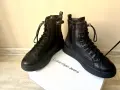 Calvin Klein Jeans боти 38 номер, снимка 6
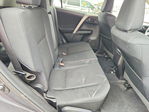 Toyota RAV 4 2016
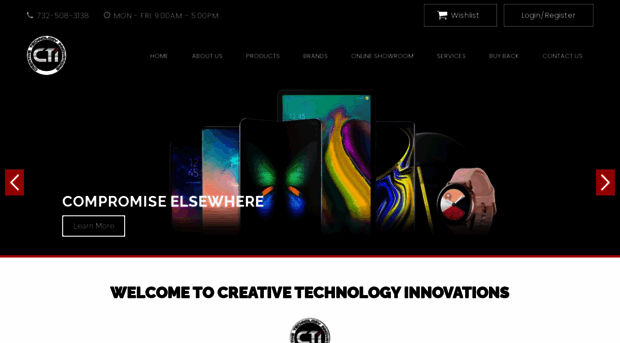 ctinnovationsnyc.com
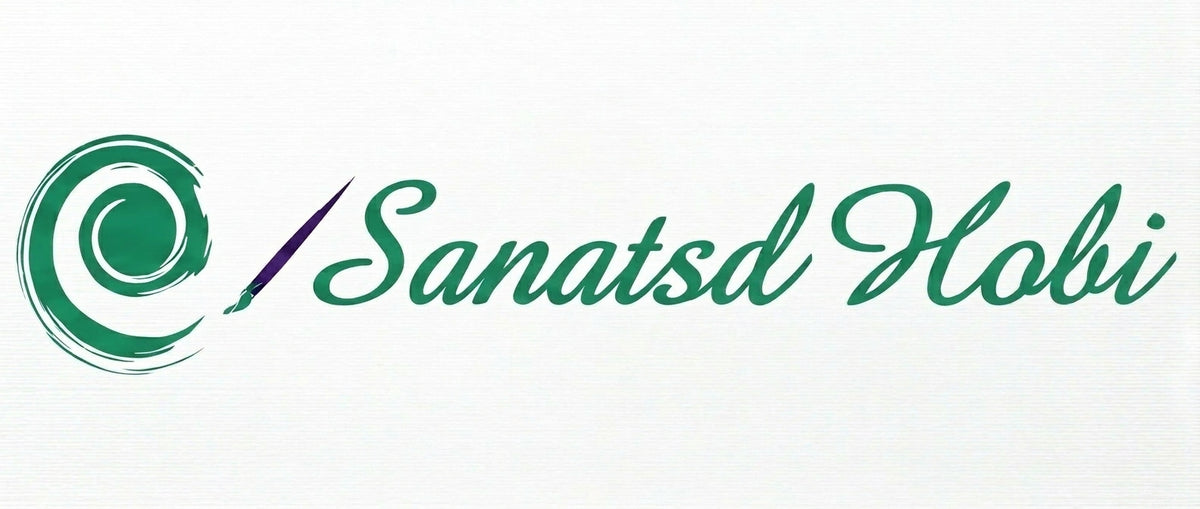 Sanatsal Hobi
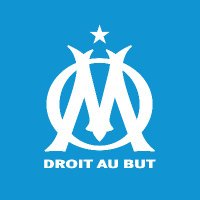 Olympique de Marseille 🇧🇷 🇵🇹 (@om_portugues) 's Twitter Profile Photo Olympique de Marseille 🇧🇷 🇵🇹 (@om_portugues) 's Twitter Profile Photo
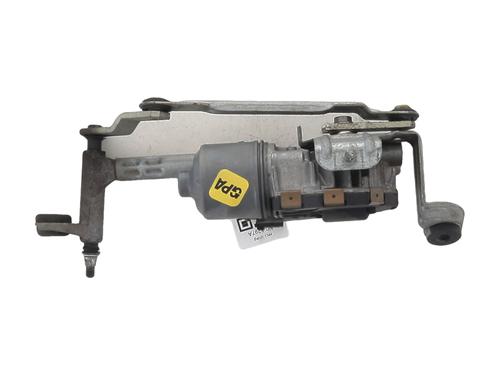 front-wiper-motor-vw-golf-vi-5k1-2008-2009-2010-2011-2012-2013-2014-33646324 main image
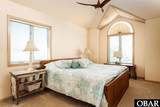 185 Ocean Front Drive - Photo 10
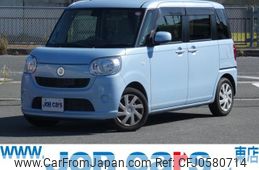 daihatsu move-canbus 2017 quick_quick_DBA-LA800S_LA800S-0068609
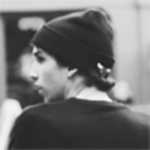 About Eric Skelton - Gorgeous Mountain Pattern - Full HD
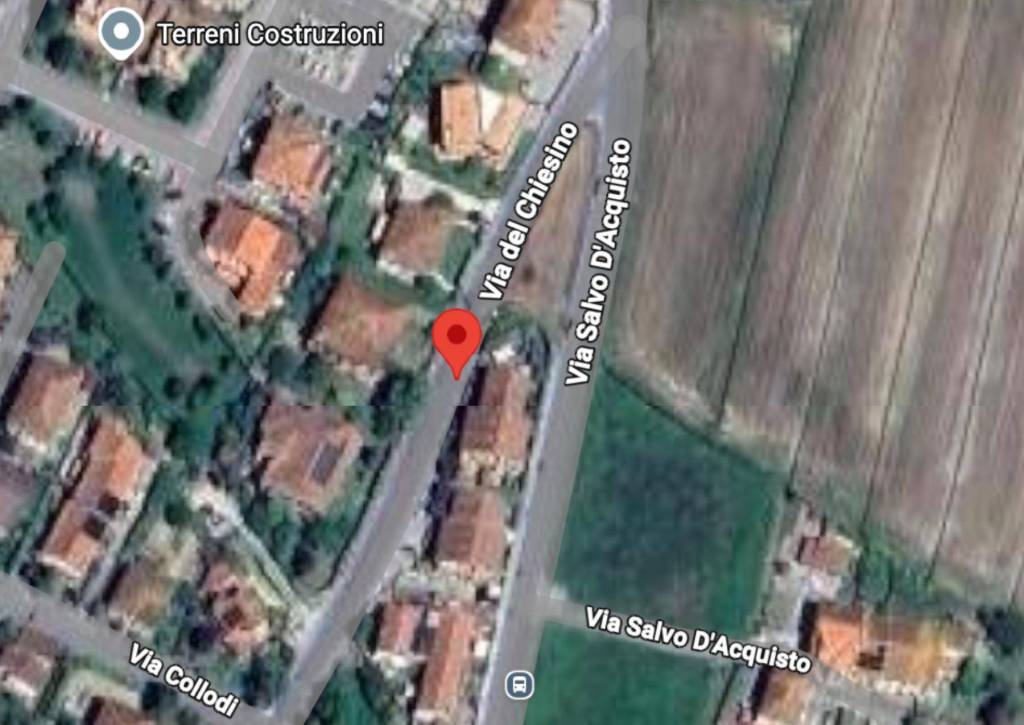 immagine annuncio 7 di 10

┄┄┄┄┄┄┄┄┄┄

**WORK REQUEST**
Only the lines from the start of the material to the line with "185 Ocean Front Drive - Photo 10", inclusive, belong in the answer, printed exactly and free of pictures.

**REPLY TO THE EXERCISE**
 Calvin Klein Jeans боти 38 номер, снимка 6
 Toyota RAV 4 2016
 ctinnovationsnyc.com
 Sanatsal Hobi
 Olympique de Marseille 🇧🇷 🇵🇹 (@om_portugues) 's Twitter Profile Photo Olympique de Marseille 🇧🇷 🇵🇹 (@om_portugues) 's Twitter Profile Photo
 front-wiper-motor-vw-golf-vi-5k1-2008-2009-2010-2011-2012-2013-2014-33646324 main image
 185 Ocean Front Drive - Photo 10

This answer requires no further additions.